Re: Question Regrading Cube Query Time

Posted by Li Yang <li...@apache.org>.

You didn't mention the Kylin version. Seems to be 1.6 from the
configuration property.

The properties related to region number are (note names are slightly
differently in 1.6):
    kylin.storage.hbase.region-cut-gb=5
    kylin.storage.hbase.min-region-count=1
    kylin.storage.hbase.max-region-count=500

As to the query, it is a simple OLAP query and should be lightening fast if
you got the right cube and model. This talk on Apache Kylin 2.0 touches a
bit about TPC-H on Kylin, which may give ideas.

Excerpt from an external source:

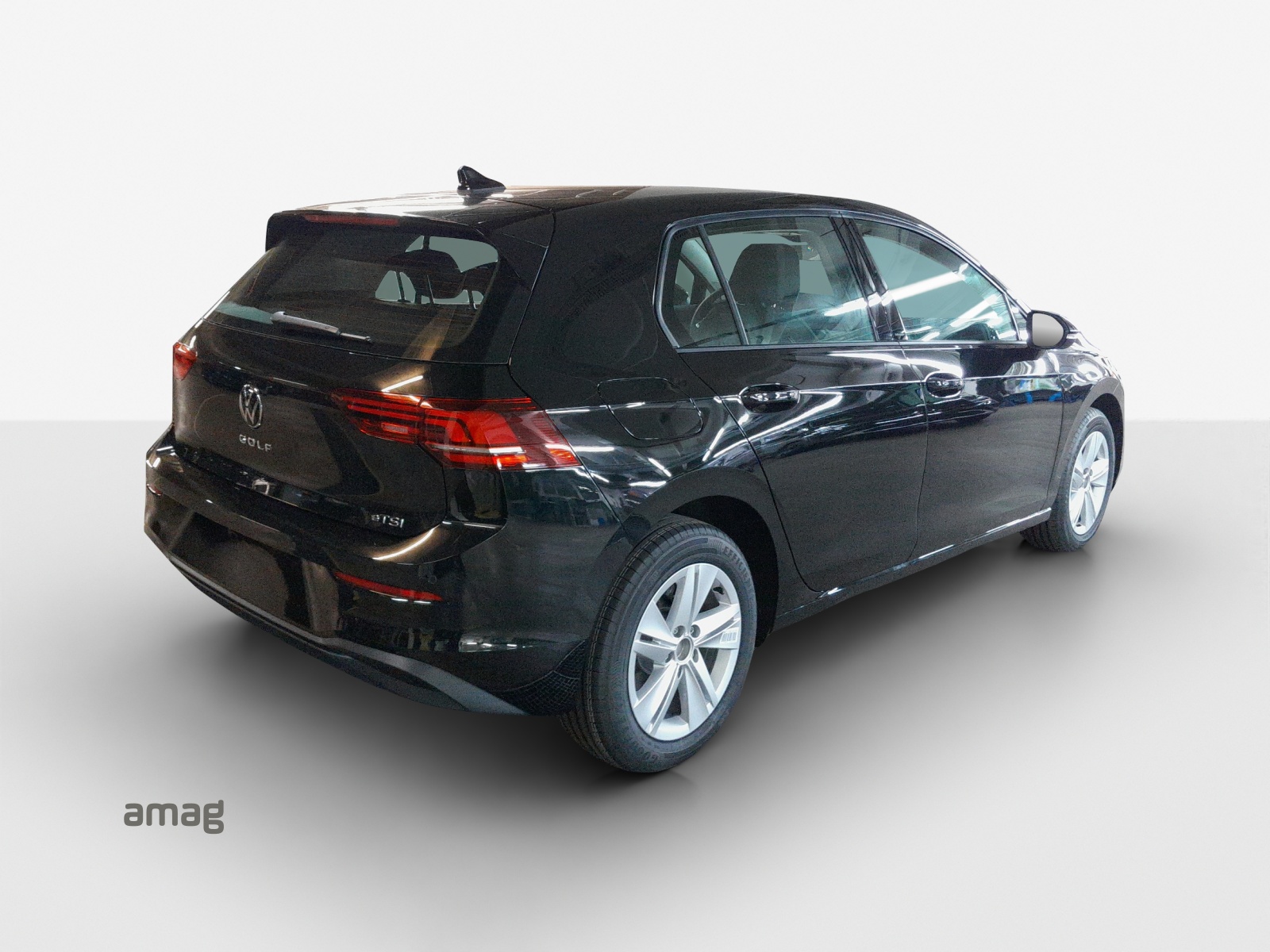VW Golf 1.5 e TSI mHEV Basis DSG-image-4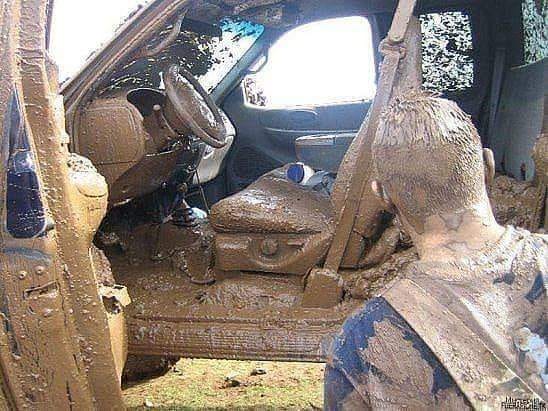 Всичко започна с думите: "Да вървим за риба. Аз знам пряк път !"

The rowkey order also impact as HBase does not have secondary index. You
want "d_moy" and "i_manufact_id" be at (or near) the head of rowkey to get
best performance of this query.

If you still have problem, there are some online tuning tools for Kylin
that you can try.

Cheers
Yang


On Fri, Mar 10, 2017 at 1:42 AM, <sh...@yahoo.in.invalid>
wrote:

> Hello,
> I am doing a POC on kylin Cubes, I have built a Cube on TPC-DS data
> (~40GB). The build was successful, but i am facing issues with queries.
> Simple aggregation queries are returning results in sub seconds, but
> queries with order by/group by taking too much time. In first place,
> queries were failing with timeout error because of records scan threshold,
> i then increased "kylin.query.scan.threshold" value in kylin.properties.
> The threshold error got fixed, but queries were taking around 200 sec.
> Which is totally not acceptable because HIVE was returning result in 10
> seconds for the same query. I am attaching one of the query(standard TPC-DS
> query q3) i am trying to run,
> SELECT date_dim.d_year,item.i_brand_id, item.i_brand,sum(facttable.ss_ext_discount_amt)
> sum_agg FROM store_sales facttableINNER JOIN date_dim date_dim ON
> (facttable.ss_sold_date_sk = date_dim.d_date_sk)INNER JOIN item item ON
> (facttable.ss_item_sk = item.i_item_sk) WHERE item.i_manufact_id =
> 783 and date_dim.d_moy = 11 GROUP BY date_dim.d_year, item.i_brand,item.i_brand_id ORDER
> BY date_dim.d_year,sum_agg DESC,item.i_brand_idLIMIT 100;
> My cluster details are,10 nodes(each node has 32 cores, 64GB RAM) with hdp
> 2.5HBase 1.1.2.2.5.3.0-37 (fully distributed mode)
>
> Just to investigate, i checked region server logs of all the nodes and
> found that during query execution only one region server was doing all the
> work while others were idle. And, my Cube's Hbase table was also showing 1
> region count, So i tried changing following properties but still no luck.
> kylin.hbase.hfile.size.gb=1kylin.hbase.region.count.min=8
> Please let me know, if there is any other configuration needed in order to
> fix large query time.
> Thanks
>
>